In the Latter Day Saint movement, the Common Council of the Church is a body of the church that has the power to discipline or remove the President of the Church or one of his counselors in the First Presidency due to misbehavior. Its existence and status are uncertain and controversial, and the body has only been formally convened twice, once to try Joseph Smith in 1834 and once in 1844 when Sidney Rigdon was excommunicated in absentia. The Common Council of the Church is sometimes confused with the Council of the Church.

==Origin and duties==
The council was first spoken of in a revelation by Joseph Smith on March 28, 1835:

And inasmuch as a President of the High Priesthood shall transgress, he shall be had in remembrance before the common council of the church, who shall be assisted by twelve counselors of the High Priesthood; And their decision upon his head shall be an end of controversy concerning him. Thus, none shall be exempted from the justice and the laws of God".

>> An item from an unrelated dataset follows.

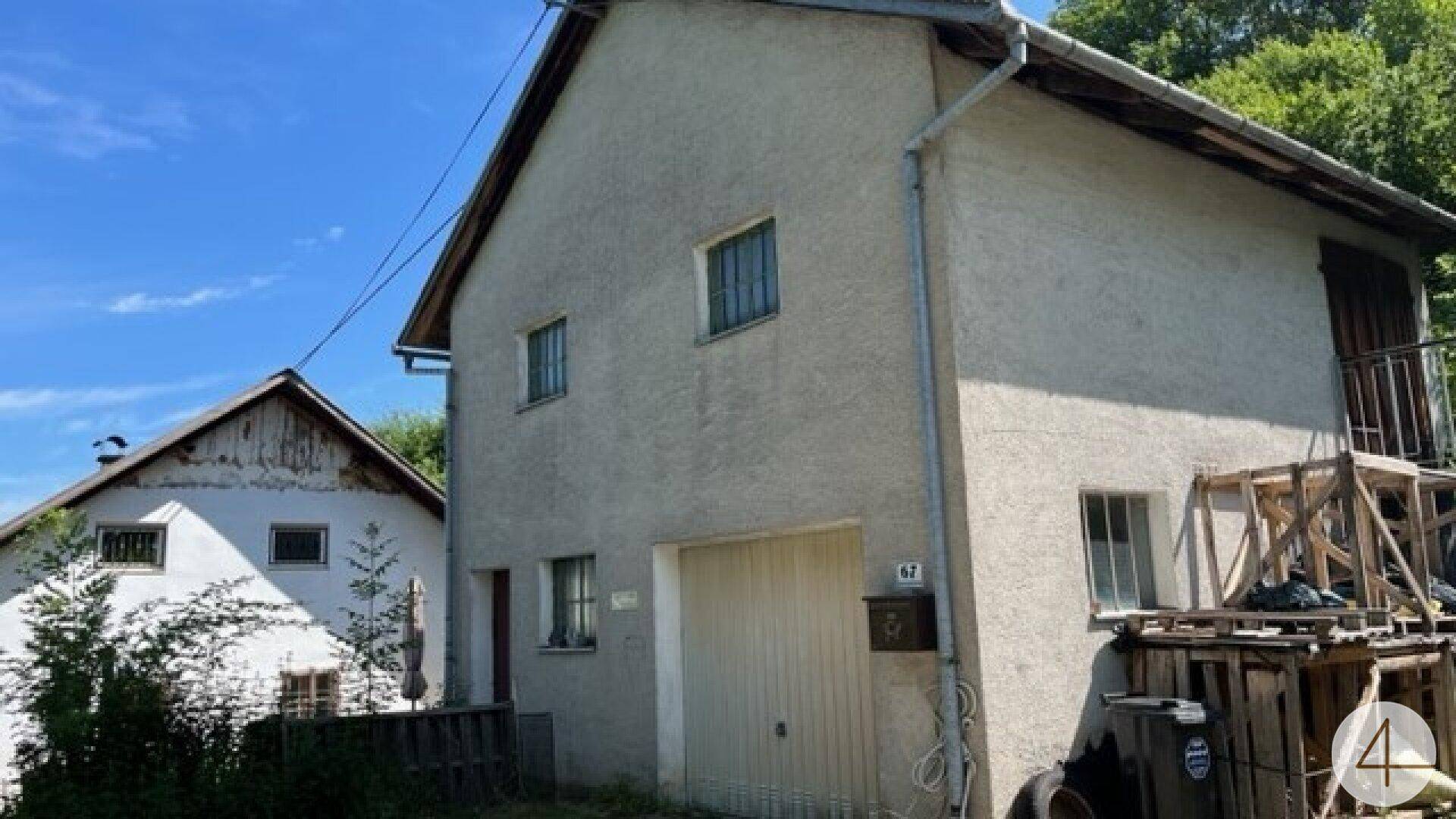 Seitenansicht des alten Hauses mit Garagentor und einer provisorischen Holzkonstruktion im Außenbereich.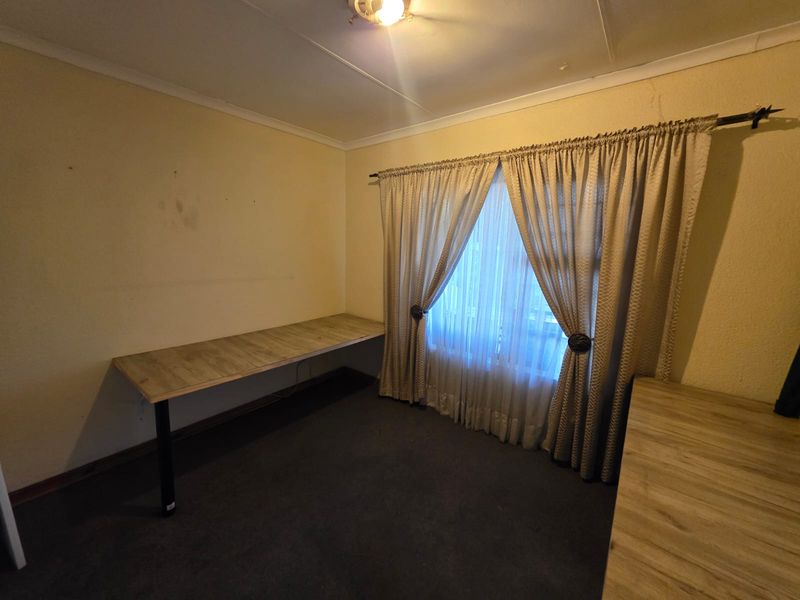A bedroom featuring a built-in desk, carpeted flooring, and window treatments. The space requires cosmetic updates to improve its overall condition.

Church commentators have interpreted this to mean that the council that would have the power to discipline or remove the President of the Church or a member of the First Presidency would be composed of the Presiding Bishopric of the church and twelve other high priests asked by the Presiding Bishop to assist in the disciplinary procedures. For example, apostle John A. Widtsoe stated:

"Should occasion ever arise that one of the First Presidency must be tried for crime or neglect of duty, his case would come before the Presiding Bishop with his counselors, and twelve High Priests especially chosen for the purpose. This would be a tribunal extraordinary from which there is no appeal."

The twelve counselors could be composed of the members of the Quorum of the Twelve Apostles; however, there is no formal requirement that these individuals be chosen.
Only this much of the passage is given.